## Work request
Print out the entries from the line containing "Citroën JUMPER 2.0" through the last line, exactly, and print nothing else. Pictures are not copied.

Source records
#####
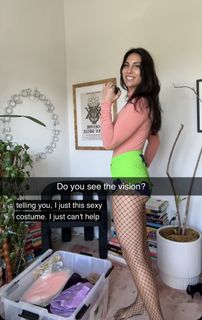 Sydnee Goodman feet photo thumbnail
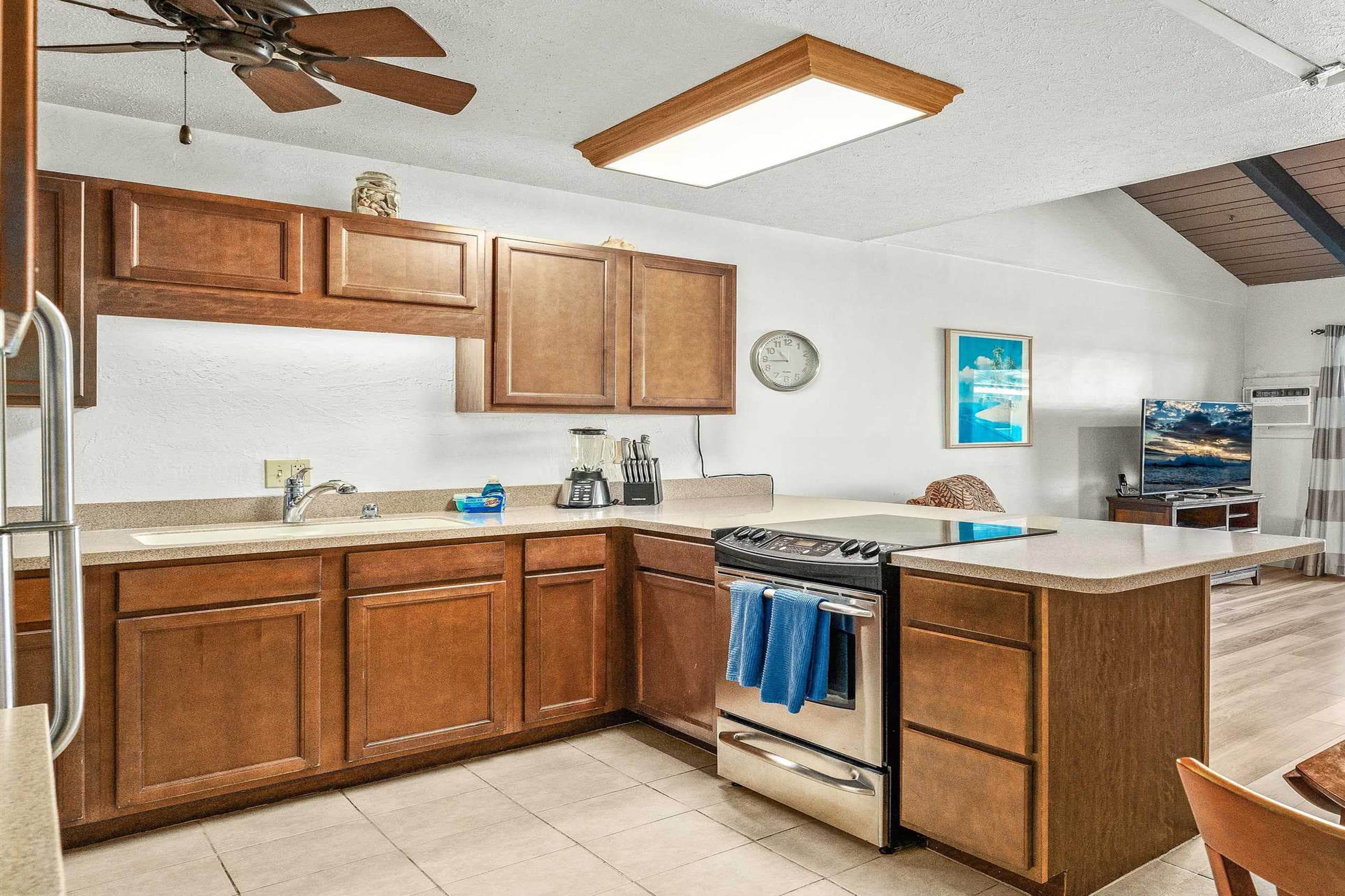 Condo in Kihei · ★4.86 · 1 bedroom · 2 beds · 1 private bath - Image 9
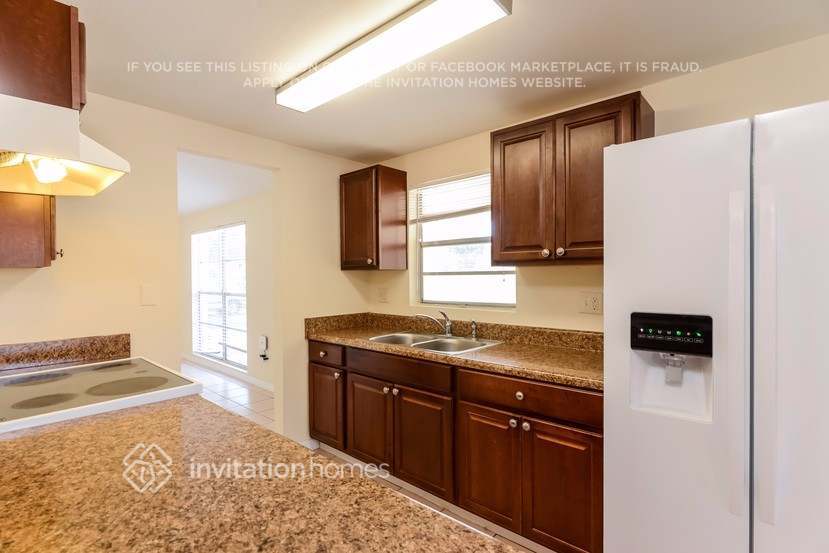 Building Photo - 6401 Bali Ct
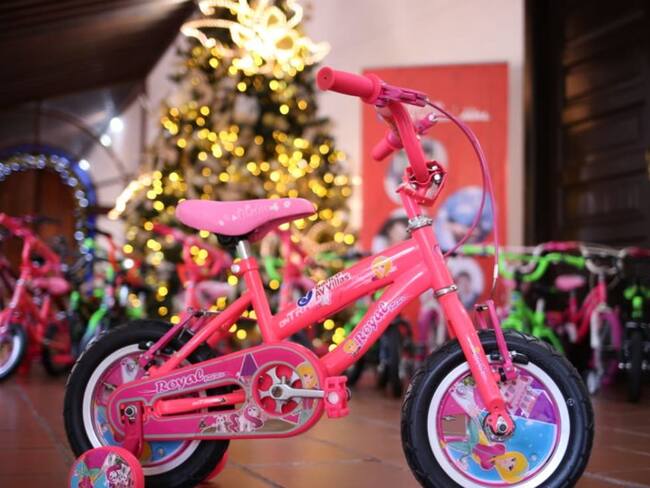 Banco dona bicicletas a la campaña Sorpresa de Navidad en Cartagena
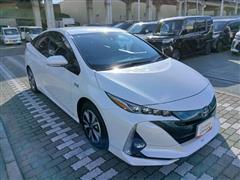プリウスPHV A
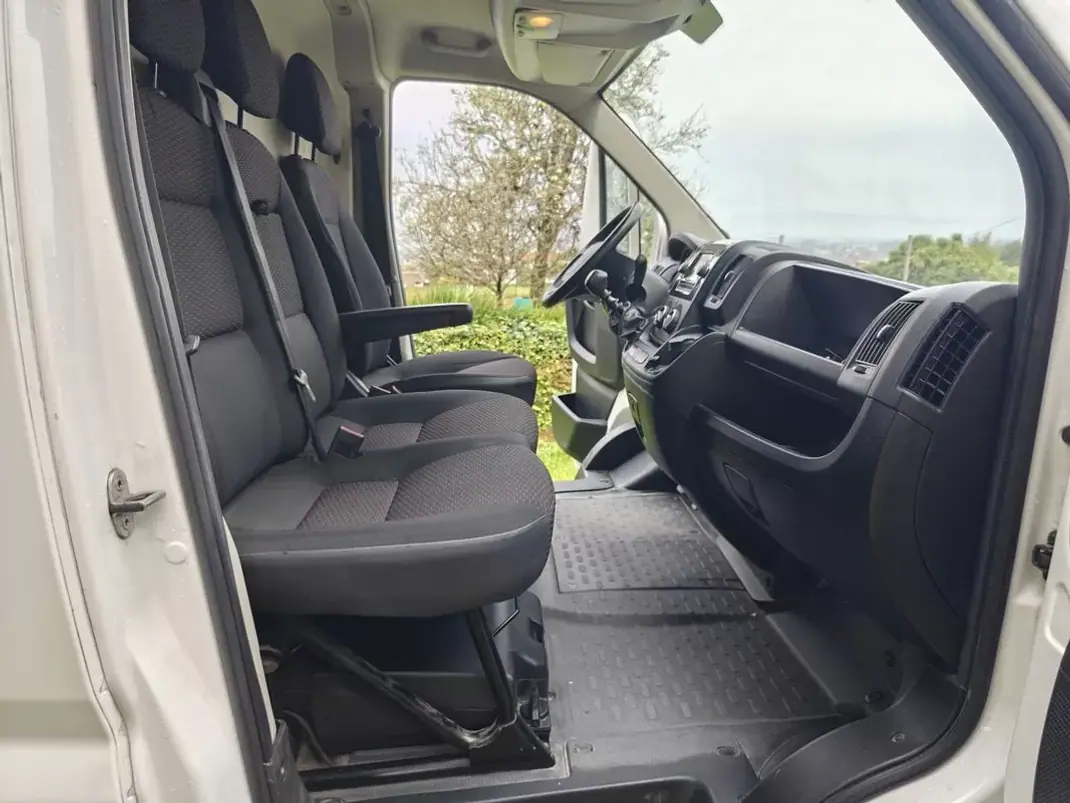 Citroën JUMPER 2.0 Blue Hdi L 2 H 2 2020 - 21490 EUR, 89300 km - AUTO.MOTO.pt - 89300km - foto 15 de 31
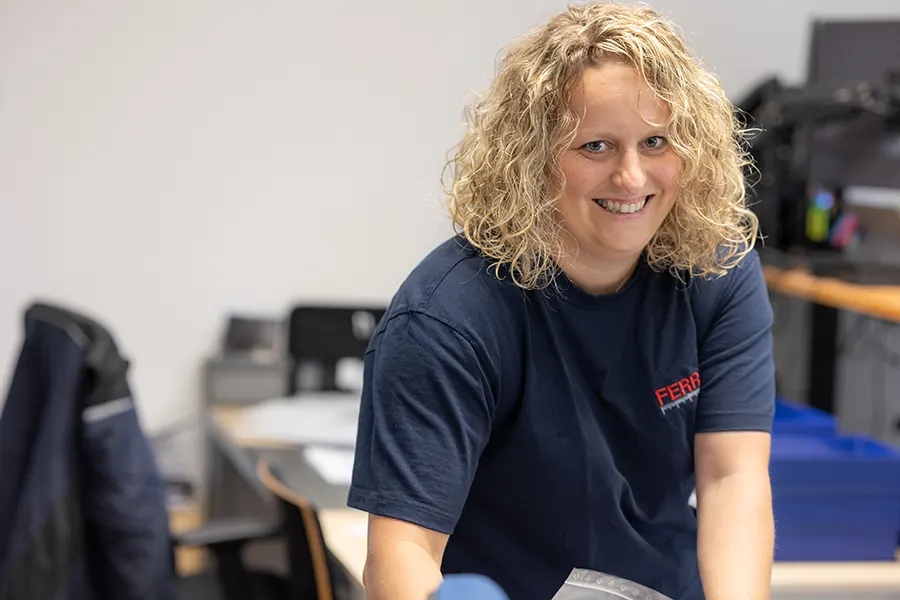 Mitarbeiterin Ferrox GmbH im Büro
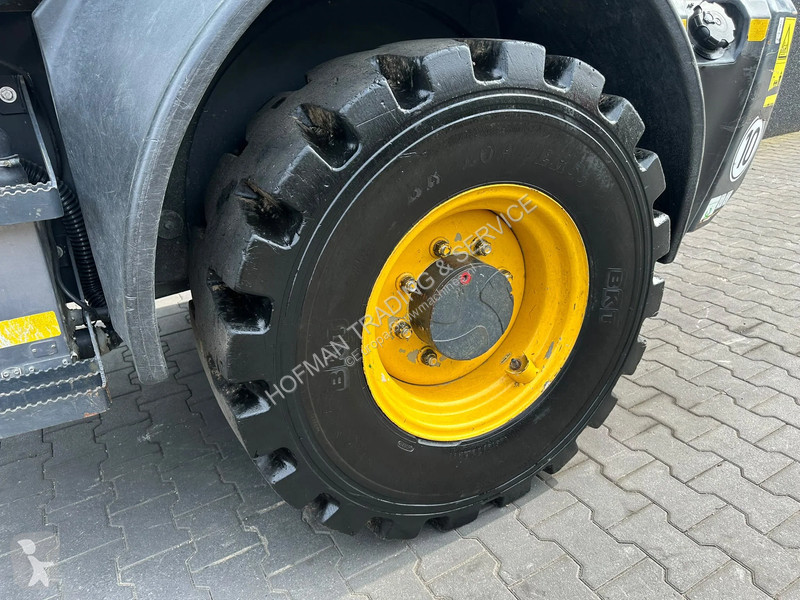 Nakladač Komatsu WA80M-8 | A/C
#####
## Response area
 Citroën JUMPER 2.0 Blue Hdi L 2 H 2 2020 - 21490 EUR, 89300 km - AUTO.MOTO.pt - 89300km - foto 15 de 31
 Mitarbeiterin Ferrox GmbH im Büro
 Nakladač Komatsu WA80M-8 | A/C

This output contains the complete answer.